Exercise brief ::
Your answer must be every line of the data below that holds the string "Exterior", copied exactly.

Given data ::
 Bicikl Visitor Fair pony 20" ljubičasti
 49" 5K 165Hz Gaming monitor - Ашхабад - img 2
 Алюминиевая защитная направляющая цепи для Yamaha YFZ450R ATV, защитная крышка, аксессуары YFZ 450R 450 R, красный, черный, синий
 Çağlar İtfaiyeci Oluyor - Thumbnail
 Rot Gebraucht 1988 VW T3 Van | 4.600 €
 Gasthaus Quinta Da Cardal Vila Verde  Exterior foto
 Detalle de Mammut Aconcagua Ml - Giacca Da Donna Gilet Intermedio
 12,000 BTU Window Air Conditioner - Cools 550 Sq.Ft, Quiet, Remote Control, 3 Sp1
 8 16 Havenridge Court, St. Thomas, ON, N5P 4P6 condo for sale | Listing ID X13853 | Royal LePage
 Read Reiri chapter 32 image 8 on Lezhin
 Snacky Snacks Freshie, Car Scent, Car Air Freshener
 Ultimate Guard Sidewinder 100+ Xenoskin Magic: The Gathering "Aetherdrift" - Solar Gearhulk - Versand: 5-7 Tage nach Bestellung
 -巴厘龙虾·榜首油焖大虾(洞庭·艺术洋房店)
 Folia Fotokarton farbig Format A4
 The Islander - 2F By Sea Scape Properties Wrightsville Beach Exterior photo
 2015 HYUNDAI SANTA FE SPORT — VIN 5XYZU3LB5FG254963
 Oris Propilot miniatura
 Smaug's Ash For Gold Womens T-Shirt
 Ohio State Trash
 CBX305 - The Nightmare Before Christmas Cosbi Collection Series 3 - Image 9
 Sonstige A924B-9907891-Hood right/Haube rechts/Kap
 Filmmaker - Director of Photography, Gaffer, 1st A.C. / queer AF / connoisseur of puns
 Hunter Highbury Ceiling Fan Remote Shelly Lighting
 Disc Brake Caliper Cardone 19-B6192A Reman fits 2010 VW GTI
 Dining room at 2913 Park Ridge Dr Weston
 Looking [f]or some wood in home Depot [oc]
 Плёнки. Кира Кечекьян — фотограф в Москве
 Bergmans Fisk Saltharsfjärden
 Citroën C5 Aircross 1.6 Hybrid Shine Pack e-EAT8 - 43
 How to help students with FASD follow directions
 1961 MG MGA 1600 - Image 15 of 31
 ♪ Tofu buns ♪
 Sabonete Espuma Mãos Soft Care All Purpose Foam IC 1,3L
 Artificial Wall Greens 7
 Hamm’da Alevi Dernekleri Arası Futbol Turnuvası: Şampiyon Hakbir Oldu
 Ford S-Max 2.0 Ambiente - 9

Result ::
 Gasthaus Quinta Da Cardal Vila Verde  Exterior foto
 The Islander - 2F By Sea Scape Properties Wrightsville Beach Exterior photo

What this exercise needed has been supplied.